Thanks for your effort and portrayal of my native country. Too bad that you wrote the story prior to the pronouncements of President Raul Castro. I find his words enlightening and they help many outside of Cuba understand some of the complexities you touch upon. Those of us who . . . keep in touch with close relatives inside the country understand the Cuban situation as a tragedy. Please make sure that the member of your group who would rather be poor in Cuba than in Atlanta reads the speech made by President Castro. To tourists who travel to Cuba for a few days and return enamored with the romance of revolutionary gains, I say: Return to Cuba and live there as a Cuban for a month with all the opportunities and restrictions Cubans face, then let’s talk. Keep up the good work with Emory Magazine.
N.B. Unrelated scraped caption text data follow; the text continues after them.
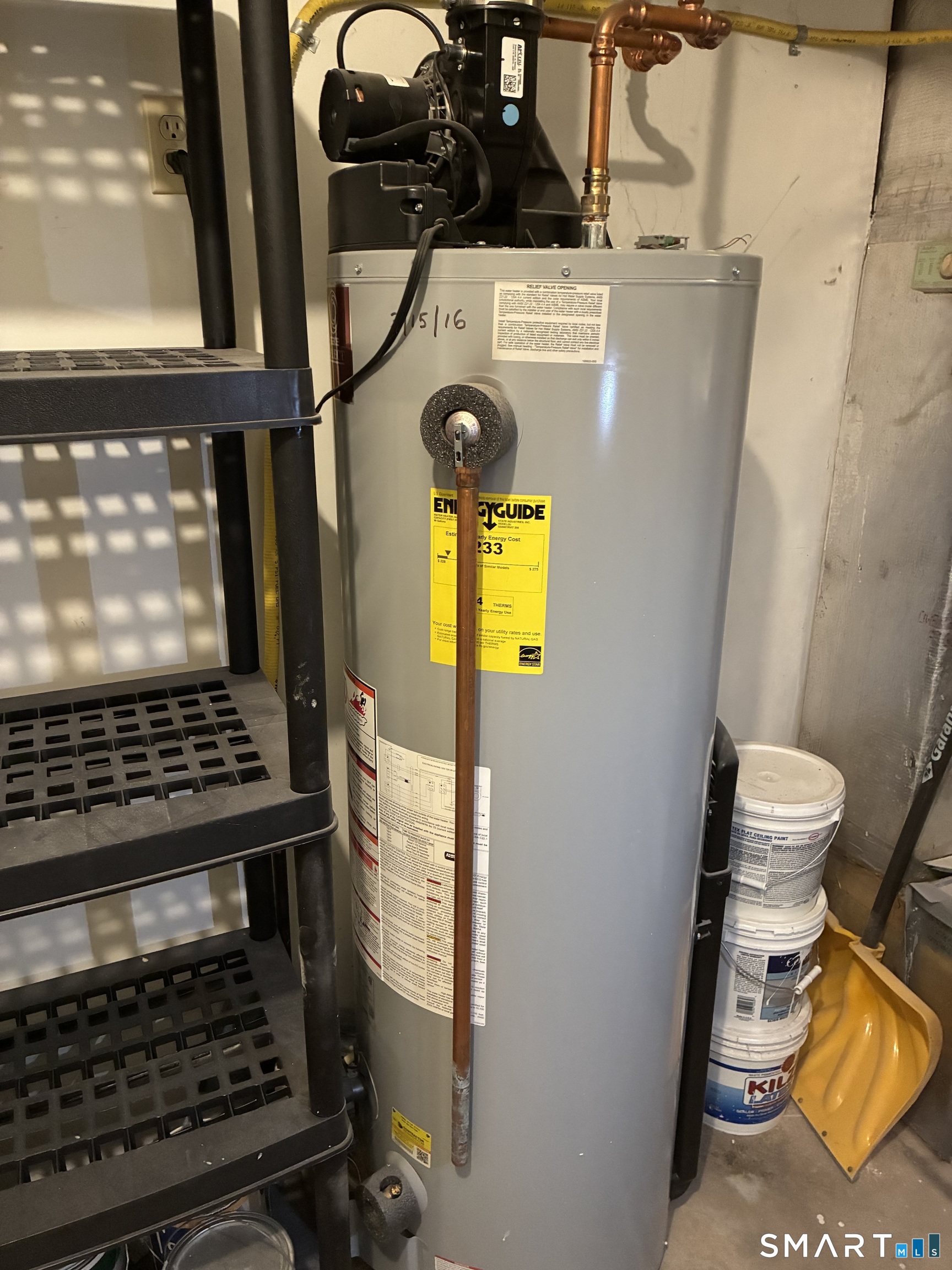 14 Brookview Circle Canton CT 06019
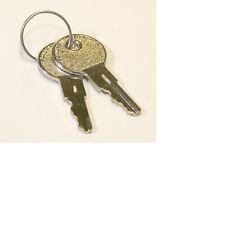 500863106 key set for sale  Delivered anywhere in USA 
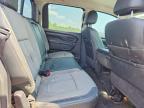 2016 Nissan Titan XD S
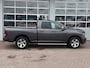 Dodge Ram 1500 5.7 V8 4x4 Crew Cab 5'7 Rebel - Schuifdak- G3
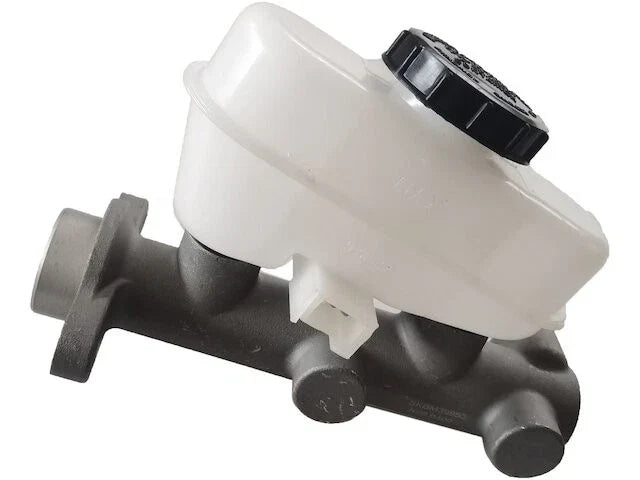 Brake Master Cylinder for Mazda Navajo (1991–1994) QJ111RC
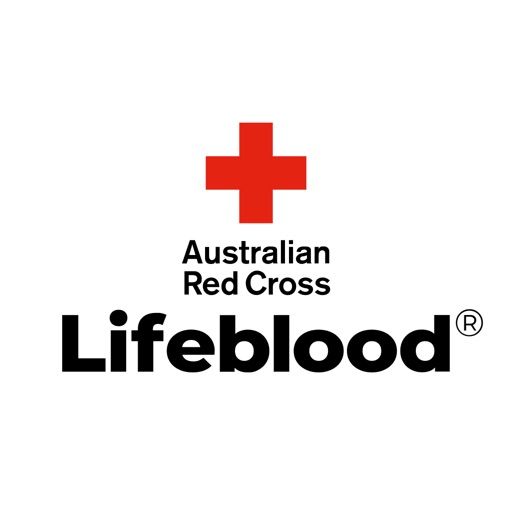 lifeblood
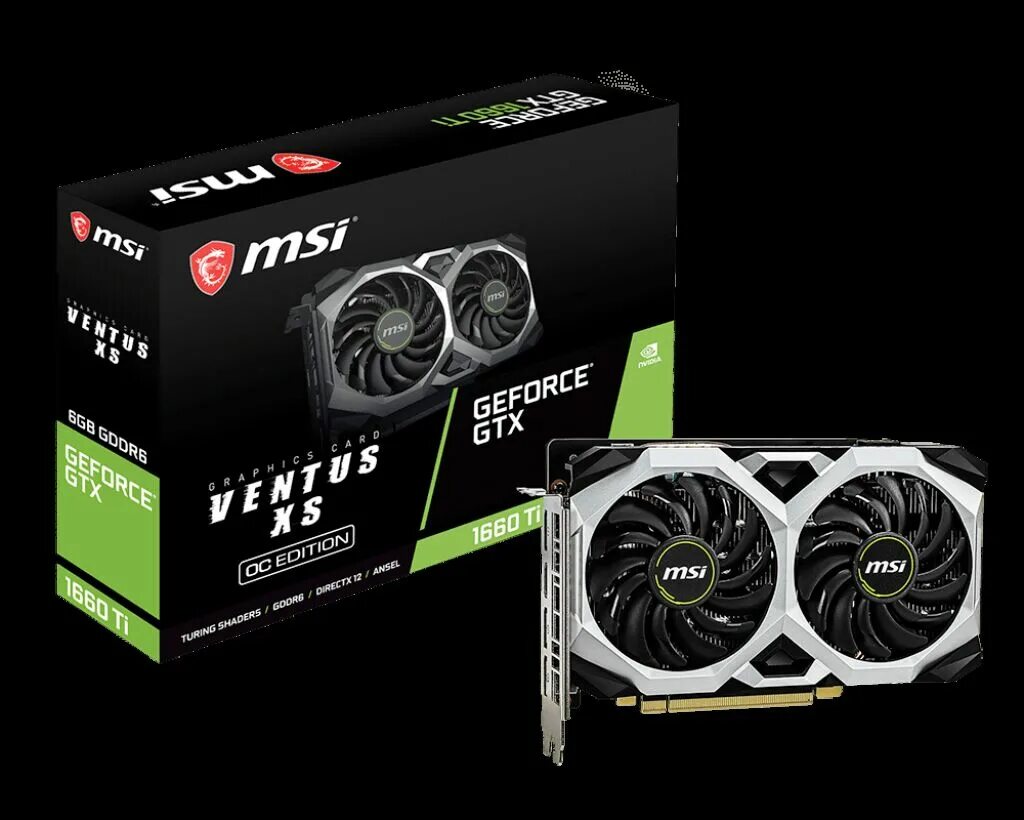 Geforce gtx 1660 ventus xs 6g oc. Geforce gtx 1660 ventus xs 6g oc. Msi geforce gtx 1660 super ventus xs 6gb. Msi geforce gtx 1660 super ventus xs oc. Geforce gtx 1660 ventus xs 6g oc.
—Emilio Chaviano 68T, Miami

After reading the article on Cuba, I am very disappointed. The article’s primary focus is on race relations in Cuba. Although the article makes some good points, it completely ignores the fact that in Cuba, there are no rights afforded to its citizens. A one-party system where the government is picked by a handful of officials is no democracy. The group of people that went to Cuba were “escorted” by government officials to have them “see” only what is convenient for the government to show the world, not the everyday struggles to find food to eat that day or enough money to be able to purchase a pair of shoes, if they are to be found anywhere.

—Bruno Denis 74OX, Stephens, Georgia

I read your article about the closing of Everybody’s. I was sorry to hear of it. I remember J. R. Cricketts (I think I used them so much that they nearly went out of business when I graduated), Jaggers (one of my professors gave us our grades there), and the Kroger. Of course, I remember the Dugout where, among others, the Indigo Girls used to perform. Your article was a great trip down memory lane.

—Larry Allen 84OX 86C, Leesburg, Virginia

Your piece on Everybody’s closing rekindled wonderful memories. Many are the times I enjoyed a hamburger with friends at the snack bar. One day when asked what I wanted to drink, I replied, “ . . . a beer!” with tongue in cheek. DeKalb was a dry county in those days, and we all chuckled. The waiter went to the back, mixed up soapsuds in a glass with a bit of tea, and proffered it. It looked for all the world like a freshly drawn beer. I have watched two sons and a daughter-in-law enjoy the Village in their years at Emory. It was always a real community.

—Bill Simpson 68T, Burlington, North Carolina

Thank you for the beautiful article on the Reverend Alice Rogers, new pastor of Glenn Memorial United Methodist Church. What a great thing for the church and for the Emory community. Reverend Rogers is multitalented and will be perfect in her new role.

—Alice Griffin Walker, Covington

Editor’s Note: Thanks to those Emory Magazine readers who responded to our request for memories of Lullwater Preserve. We received a delightful array of stories, anecdotes, photos, and even poetry. Look for more on Lullwater in a future issue of Emory Magazine.